Da exclusão à desconfiança
Nas páginas do jornal virtual “Patrin”, especializado em questões de cultura e história dos ciganos, o nome de Portugal não aparece uma única vez. Nem na secção dos Costumes e Tradições nem na da Cultura e Artes, tão pouco nos variados artigos que nos lembram as vítimas esquecidas de um outro holocausto: o holocausto dos rom, manouche, sinti ou calon – diferentes ramos de um mesmo povo originário do subcontinente indiano que palmilhou mundo como forma de rejeição do sistema de castas e do violento avanço do Islão. Adolfo Hitler elegeu-os, juntamente com os judeus, como alvo preferencial a abater. Razão suficiente para que sejam várias as associações específicas a essa etnia. Porém, na lista do “Patrin” referente aos diferentes organismos não há qualquer referência a Portugal. Tentei, por isso, um portal em Português. Aí sim, não faltam entradas. Praticamente todas para sítios brasileiros, essencialmente ligados a questões de astrologia e esoterismo. Em Português de Portugal só mesmo uma breve nota.

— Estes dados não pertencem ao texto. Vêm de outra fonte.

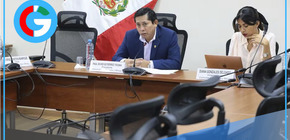 Ley MAPE: Presidente de Comisión de Energía y Minas amplía agenda de este martes para debatir propuesta controversial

Miriam Maia, dançarina de flamenco, atribui a lacuna à integração dos ciganos no país que no século XVI lhes serviu de abrigo, depois de uma travessia intercontinental que remonta ao século X. «Integramo-nos na sociedade e não vemos necessidade em constituir associações que nos particularizem, não vemos necessidade de fazer festivais em que só os ciganos participem. No fundo, o que nos distingue dos restantes portugueses é o facto de sermos essencialmente negociantes, feirantes. Só isso», diz.
Miriam Maia é casada com um gadjé. Ou seja: um não cigano. A comprovar a disposição dos ciganos de se integrarem na sociedade portuguesa. Isto, apesar dos preconceitos existentes em relação a essa comunidade. Muito por culpa, no entender de Miriam, da Comunicação Social.
Os ciganos entraram em Portugal, via Espanha, em 1516, mais precisamente pelo Alentejo, região descampada e com matagais. Desde logo foram impedidos de ler a sina, expressar costumes e tradições, falar romani e usar vestimenta tradicional. Os transgressores eram presos e podiam, inclusive, ser condenados à morte. Portugal deportou inúmeros ciganos para o Brasil. O primeiro degredado para a essa extensão do império que muita gente continua a considerar uma ex-colónia, em 1574, chamava-se João Torres. Curiosamente, em 1808, seria contratado, como músico, pela família real portuguesa no exílio.
Pessoalmente Miriam Maia não sente o racismo, talvez por fazer parte, à semelhança de João Torres, de um grupo privilegiado: a de os músicos e dançarinos profissionais. Admite, no entanto, que persistem ainda muitos preconceitos. Para cuja razão de ser não encontra explicação. «Quem sente esse preconceito é que poderá responder», comenta.
Miriam aponta ainda o dedo à Comunicação Social. E explica porquê: «Quando alguém é apanhado com droga, seja alto seja baixo, seja pobre seja rico, é sempre um alguém. Caso seja cigano, a Imprensa, então, faz questão de salientar que ele é, para além de alguém, cigano. E fá-lo por mero sensacionalismo». A dançarina, e também cantora, tem a certeza que os grandes traficantes não são ciganos. Muitas vezes não passam de «uns desgraçados que querem comer e não têm dinheiro» e que antes viram sucessivos pedidos de emprego serem recusados só pelo facto de serem quem são. Emprego que meta caixa registadora ou atendimento ao público, como reafirma Miriam Maia, está completamente fora de questão. «Há uma falta de confiança generalizada em relação ao nosso povo», admite.
A obra Gil Vicente “Farsa de Ciganos” é representada em Évora, em 1521, numa época em que já se associavam os ciganos a “uma comunidade de gente nómada que se dedica a roubar num sítio aquilo que vão vender no outro”. O comércio dos equídeos e “as práticas de feitiçaria, quiromancia e cartomancia” eram as áreas predilectas de uma gente peculiar que percorria o País em “quadrilhas”. Desconfiado desse incontrolável modo de vida, D. João III, pelo alvará de 13 de Março de 1526, interdita a sua entrada em Portugal, “ordenando a expulsão de todos os que aqui viviam”. Seriam muitas as leis promulgadas com idêntica finalidade, mas quanto mais severas, mais inúteis se revelavam. A questão da expulsão dos ciganos só a partir do século XIX seria posta de lado, passando os ciganos a serem considerados cidadãos portugueses, “embora se soubesse que estes se auto-excluíam de prestar qualquer serviço à comunidade, nem se manifestavam dispostos a aceitarem as suas leis”.